The van jolted over a bump, snapping Jihoon back. His teammates were still laughing, the trophy wedged between seats like an afterthought. Jihoon lifted his phone again. His thumb hovered.

 

Hyung, I miss you.

 

He stared until the words blurred, then deleted them. Again. Always.

The night passed, texts went unanswered, and Jihoon lay awake long after his teammates had fallen asleep. His medals and trophies glinted faintly in the moonlight spilling through the curtains.

All the proof of his greatness, laid out for the world to see.

But none of it filled the space that Hyeonjoon had left.

 


 

Worlds, 2025

The Worlds stage was brighter than anything else. Beijing, packed with roaring fans, banners waving in every corner of the arena. Gen G stood in the tunnel, jerseys crisp, nerves hidden beneath years of discipline.

Jihoon rolled his shoulders, exhaled slowly, and fixed his face into the calm, determined expression the world expected. Cameras followed every step.
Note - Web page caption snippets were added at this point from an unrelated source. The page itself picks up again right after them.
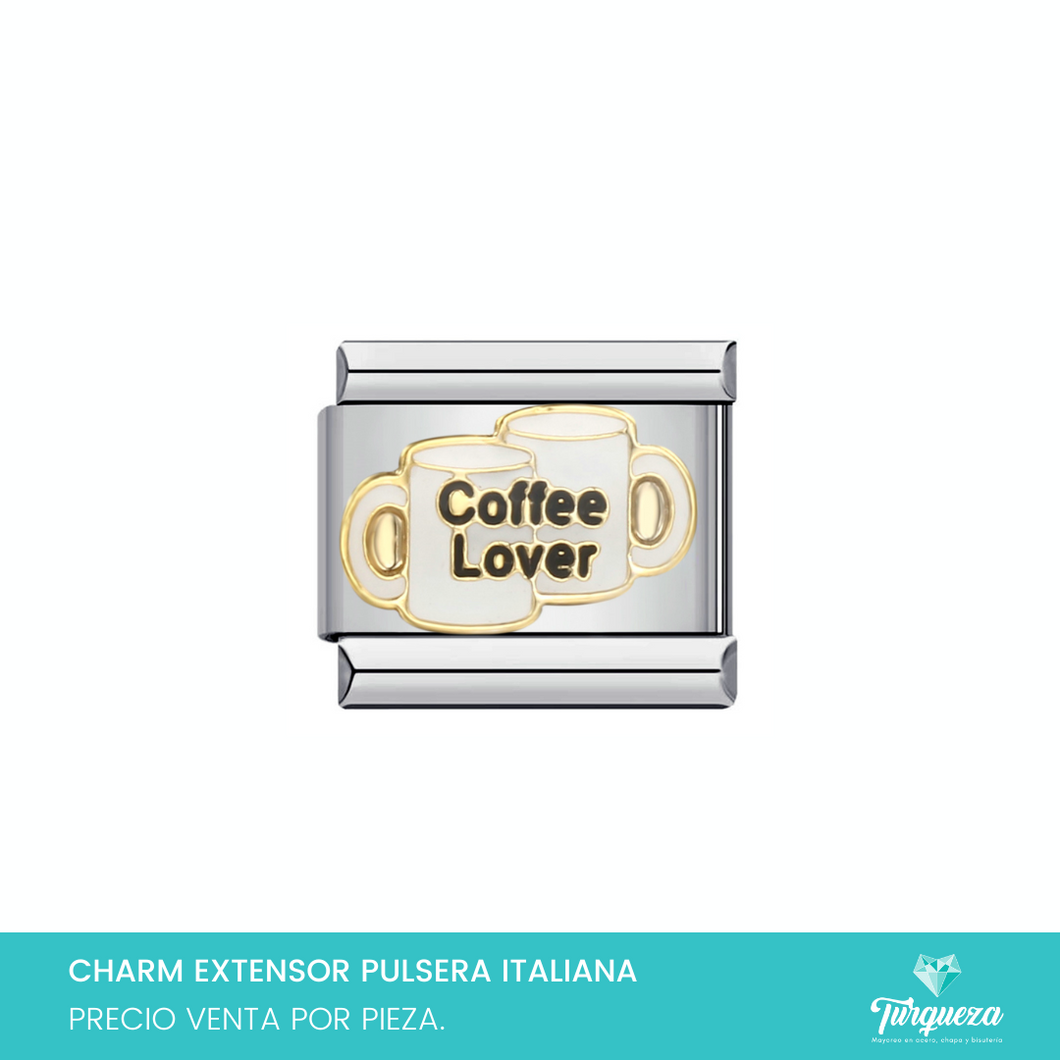 Dije Charm Coffe Lover para Pulsera Tipo Italiana Plateado Acero Inoxidable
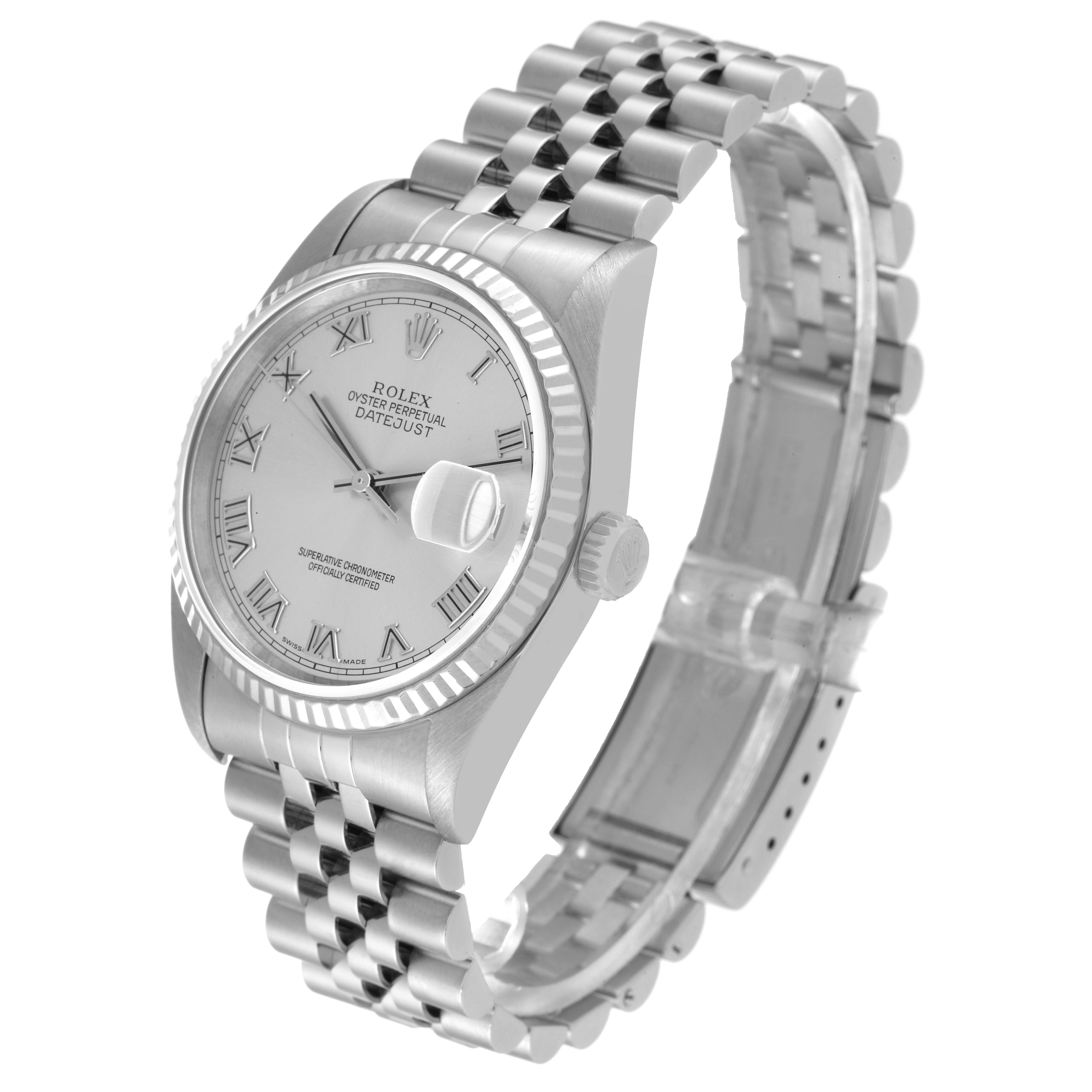The image shows a Rolex Datejust 16234 Men's Stainless Steel Silver Dial 16234 Men's Stainless Steel Silver Dial watch at a three-quarter angle highlighting its dial, bezel, crown, and jubilee bracelet.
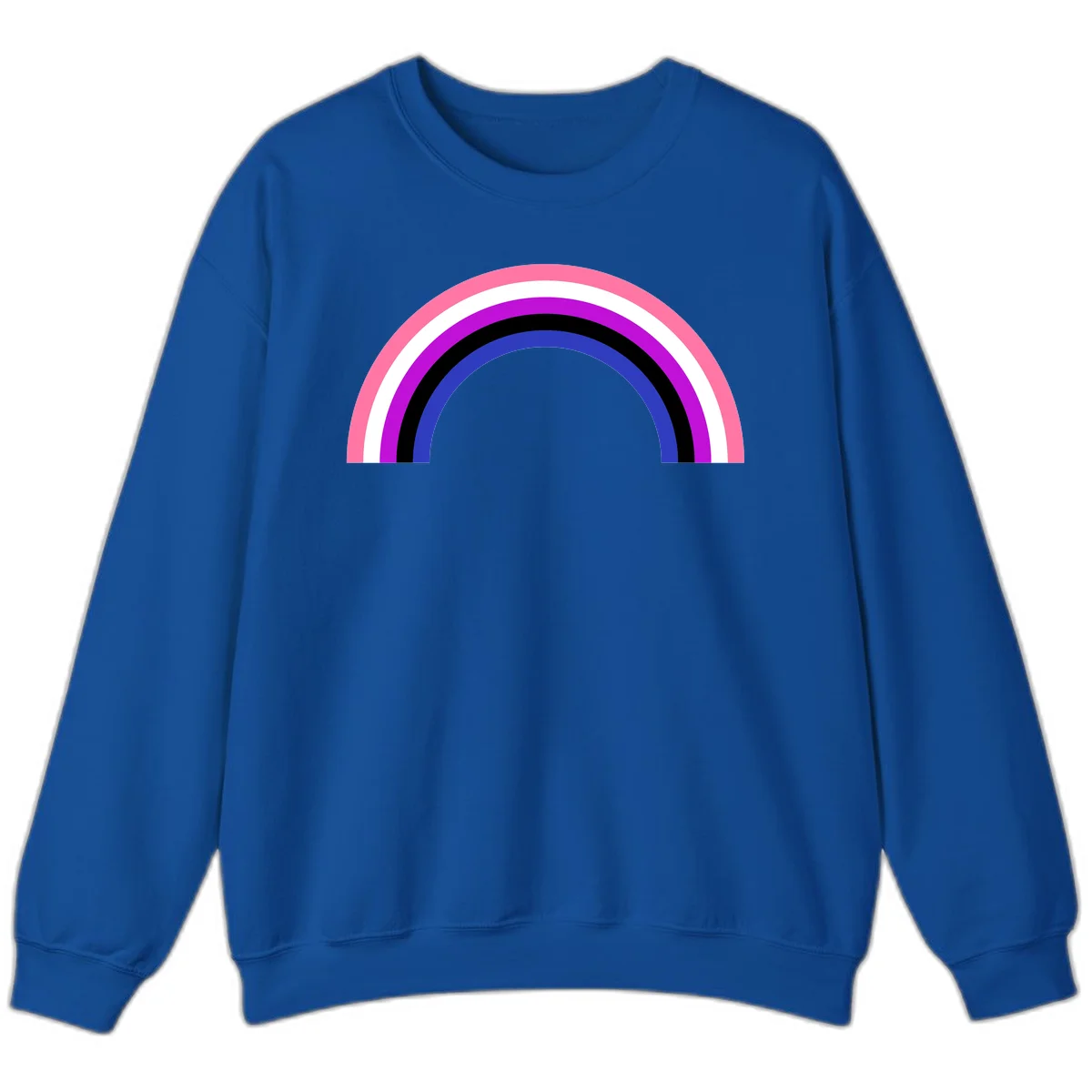 Pride rainbow arc with five concentric stripes in pink, white, purple, black, and blue colors on gray background in Royal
Millions watched from every corner of the globe.

The casters’ voices thundered as they walked out

 

“And now… Korea’s first seed—Gen G, your 2025 LCK Champions, looking to claim their final trophy this year!”

 

The crowd screamed. The lights blazed. The music swelled.

Jihoon smiled as he waved, soaking in the sound, the validation, the glory. He was exactly where he had always wanted to be.

And yet, beneath the roar, his heart whispered only one thought.

 

Hyeonjoon-hyung, are you watching? Just one last time, I hope you think of me.

 

It was the last thing he had left to ask for. And maybe, just maybe, it was enough.

Jihoon took his seat, headset sliding on, monitors flaring bright before him. The countdown began. Across the stage, across the years, across all the choices that had led him here, he imagined Hyeonjoon’s eyes watching him.

The stage lights blazed. The tournament has officially begun.

And Jihoon.. no, Chovy.. had one last thing to prove.